NOTE 8 - LEGAL PROCEEDINGS

   See Item 1 of Part II of this Form 10-QSB for a discussion of
recent developments with respect to the Company's legal matters.

                   TRANSTECH INDUSTRIES, INC.
                        AND SUBSIDIARIES

             PART I - FINANCIAL INFORMATION, Cont'd

Item 2.  MANAGEMENT'S DISCUSSION AND ANALYSIS OF FINANCIAL
         CONDITION AND RESULTS OF OPERATIONS


Results of Operations

   The three months ended March 31, 1997 compared to the three
months ended March 31, 1996

   Consolidated revenues by business segment for the three months
ended March 31, 1997 and 1996 were as follows (in $000):

                                     1997           1996

     Electricity Generation          $ 81           $ 55
     Environmental Services            65             64
     Intercompany                     (38)           (36)
       Total                         $108           $ 83

   Consolidated revenues for the three months ended March 31, 1997
were $108,000, an increase of $25,000 or 30% compared to the same
period of 1996. 

      Revenues from operations which generate electricity from
methane gas were $81,000, an increase of $26,000 or 47% compared to
the same period last year.  Such revenues are a function of the
number of kilowatt hours sold, the rate received per kilowatt and
capacity payments.  The increase in revenues is primarily the
result of an increase in kilowatt hours sold which in turn is due
in part to a 6% increase in operating hours of the Company's four
electric generating units.  Approximately 17% of available machine
hours were dedicated to repairs and scheduled overhaul in the three
months ended March 31, 1997 versus 22% for such tasks during the
comparable period of 1996.
 
   The environmental services subsidiary reported $65,000 of
operating revenues (prior to elimination of intercompany sales) for
the three months ended March 31, 1997 compared to $64,000 for the
same period last year.  Approximately $38,000 or 58% of the
environmental services subsidiary's revenues for the period,
compared to $36,000 or 56% for the same period last year, were for
services provided either to other members of the consolidated group
or to third parties providing services to another member of the
consolidated group, and were therefore eliminated in consolidation. 

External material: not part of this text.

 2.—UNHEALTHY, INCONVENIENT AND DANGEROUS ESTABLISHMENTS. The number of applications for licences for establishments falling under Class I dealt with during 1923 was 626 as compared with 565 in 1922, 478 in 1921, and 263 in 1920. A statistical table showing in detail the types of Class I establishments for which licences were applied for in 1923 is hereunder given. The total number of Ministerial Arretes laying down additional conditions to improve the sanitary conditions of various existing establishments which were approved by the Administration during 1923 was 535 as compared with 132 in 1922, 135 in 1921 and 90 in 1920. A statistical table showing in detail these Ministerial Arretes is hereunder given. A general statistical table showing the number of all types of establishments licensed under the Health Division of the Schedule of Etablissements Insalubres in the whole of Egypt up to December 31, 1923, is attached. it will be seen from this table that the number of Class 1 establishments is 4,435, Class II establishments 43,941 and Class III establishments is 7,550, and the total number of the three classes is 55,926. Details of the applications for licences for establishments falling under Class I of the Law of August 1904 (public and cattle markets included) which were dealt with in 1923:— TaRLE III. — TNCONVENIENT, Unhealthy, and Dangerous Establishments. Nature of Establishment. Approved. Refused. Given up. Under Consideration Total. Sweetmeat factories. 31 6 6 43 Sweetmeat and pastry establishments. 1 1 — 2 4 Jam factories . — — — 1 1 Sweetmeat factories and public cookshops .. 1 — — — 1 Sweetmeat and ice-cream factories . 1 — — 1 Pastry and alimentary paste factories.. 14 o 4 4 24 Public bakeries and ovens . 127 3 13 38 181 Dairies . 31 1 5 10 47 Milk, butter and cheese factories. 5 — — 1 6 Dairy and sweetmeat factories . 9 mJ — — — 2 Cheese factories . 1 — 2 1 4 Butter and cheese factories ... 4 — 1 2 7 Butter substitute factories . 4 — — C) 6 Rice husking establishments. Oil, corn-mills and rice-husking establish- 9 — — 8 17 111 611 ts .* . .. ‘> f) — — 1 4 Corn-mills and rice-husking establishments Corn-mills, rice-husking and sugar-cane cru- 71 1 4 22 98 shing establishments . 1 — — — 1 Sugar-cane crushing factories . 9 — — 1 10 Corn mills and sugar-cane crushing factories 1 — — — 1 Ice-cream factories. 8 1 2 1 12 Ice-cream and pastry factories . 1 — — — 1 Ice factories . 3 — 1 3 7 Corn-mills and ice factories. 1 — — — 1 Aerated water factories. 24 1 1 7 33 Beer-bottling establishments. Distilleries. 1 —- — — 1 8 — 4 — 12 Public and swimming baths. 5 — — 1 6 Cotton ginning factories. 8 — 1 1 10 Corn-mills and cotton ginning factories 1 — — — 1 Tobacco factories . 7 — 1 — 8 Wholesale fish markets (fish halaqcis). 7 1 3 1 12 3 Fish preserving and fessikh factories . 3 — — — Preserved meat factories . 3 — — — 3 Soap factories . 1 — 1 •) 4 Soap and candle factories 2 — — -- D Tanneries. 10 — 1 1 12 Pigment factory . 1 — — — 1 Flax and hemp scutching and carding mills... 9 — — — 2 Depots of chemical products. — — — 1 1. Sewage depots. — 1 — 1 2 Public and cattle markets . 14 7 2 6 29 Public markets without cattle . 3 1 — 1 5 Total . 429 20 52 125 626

   Consolidated direct operating costs for the three months ended
March 31, 1997 were $124,000, an increase of $41,000 or 49% when
compared to the same period of 1996, due primarily to expenses
incurred for scheduled maintenance of electric generating
equipment. 

   Consolidated selling, general and administrative expenses for
the three months ended March 31, 1997 decreased $174,000 or 26% to
$496,000 from $670,000 for the same period last year.  Decreases
were reported in insurance, real estate taxes and professional fees
relating to the Company's ongoing environmental and tax litigation.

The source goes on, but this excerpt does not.